Walking Our Talk

It’s been said that character is ‘who you are when no-one’s looking’. If that’s the case, what do the conversations we’ve had these last couple of weeks about the crisis our country is in with people who are ‘like us’ reveal about us?

It’s easy in times of crisis to revert to our most basic, self-protective self. When Kenyans are abroad, they cling their identity as Kenyans. At home surrounded by other Kenyans though, our ‘safe zone’ narrows down to our tribal identity. As a result, we live in virtual ghettos, filtering out other perspectives, and listening to ‘news’ that only serves to validate our perspective.
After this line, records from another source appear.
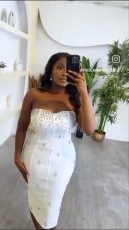 Backless Split Diamond Tube Top Midi Dress GMYU-8763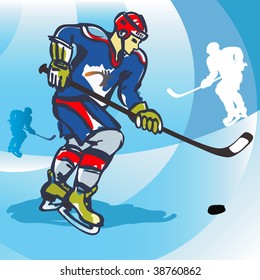 Ice hockey player vector illustration.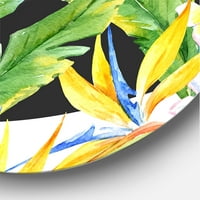 Dizajnerska umjetnost žuto cvijeće i tropsko lišće moderni kružni metalni zidni umjetnički disk od 11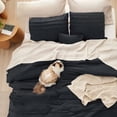 thumbnail image 3 of Full Comforter Set - 4 Pieces Pinch Pleat Bed Set, Black Boho Bedding for All Season, 1 Soft Comforter, 2 Pillowcases, 1 Decorative Pillow, 3 of 7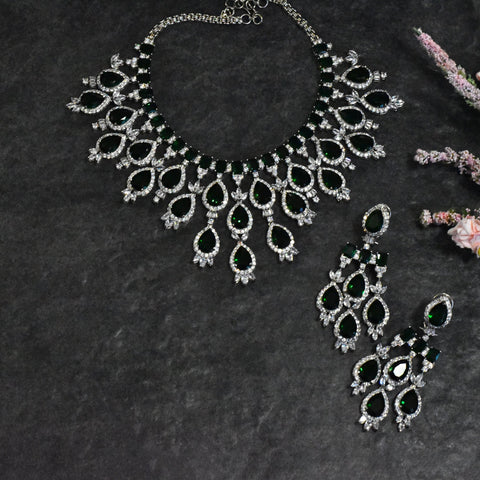 Naham Green Necklace Set - The Pashm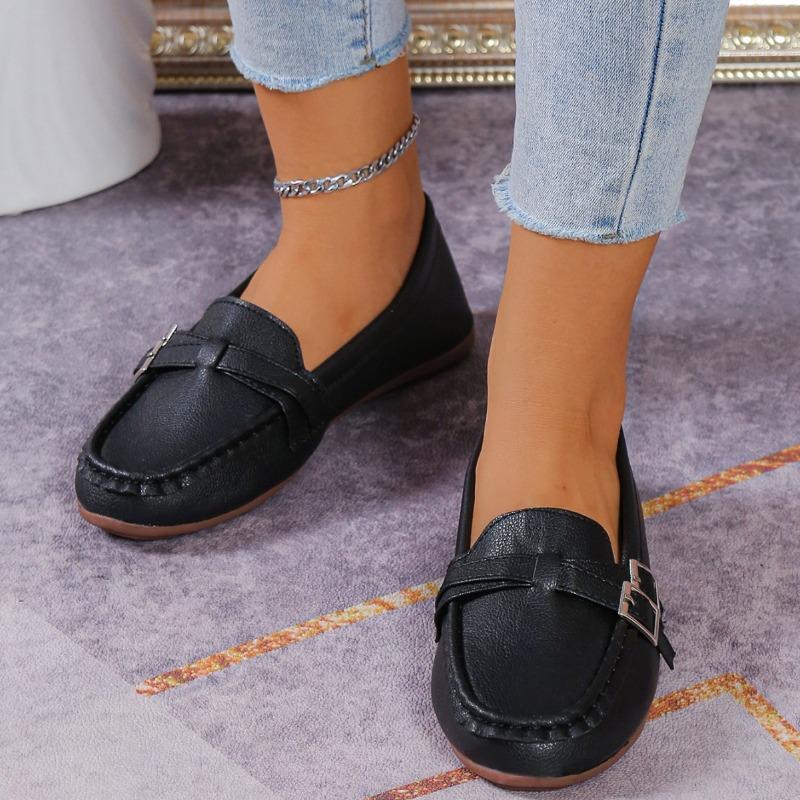Lässige bequeme Schuhe Overalls runder Kopf Doudou Schuhe Gürtelschnalle flache Einzelschuhe Damen Frühling und Sommer neue Oma Schuhe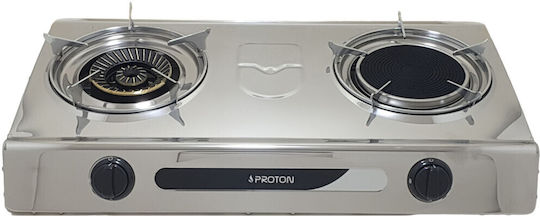 Proton Επιτραπέζια Εστία Υγραερίου Διπλή Inox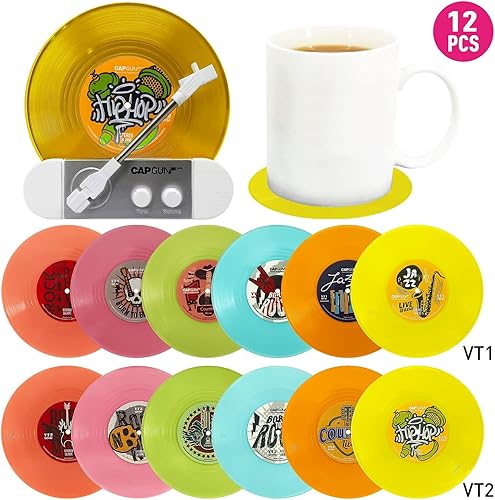 Miniatura 4 de Divertidos posavasos retro para discos de vinilo, juego de 12 posavasos creativos con soporte para tocadiscos de vinilo para amantes de la música,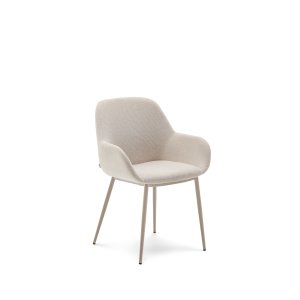 KAVE HOME Konna spisebordsstol, m. armln - beige stof og beige stl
It’s sad that media houses seem to have taken positions on the issues so that ‘truth’ has become relative. It’s sadder to hear of offices and neighborhoods where a once easy camaraderie has been replaced by unspoken tension. It’s saddest to hear of churches & pastors that have supported one particular political or ethnic position and thus alienated others who are of a different background or persuasion. What a missed opportunity to model true Christianity!

It’s time we began to practice what we preach. As a Christian, I am first of all Christian, then Kenyan and then as a distant third, I gladly embrace the positive aspects of my ethnic identity (and enjoy/appreciate those of other ethnic communities as well!).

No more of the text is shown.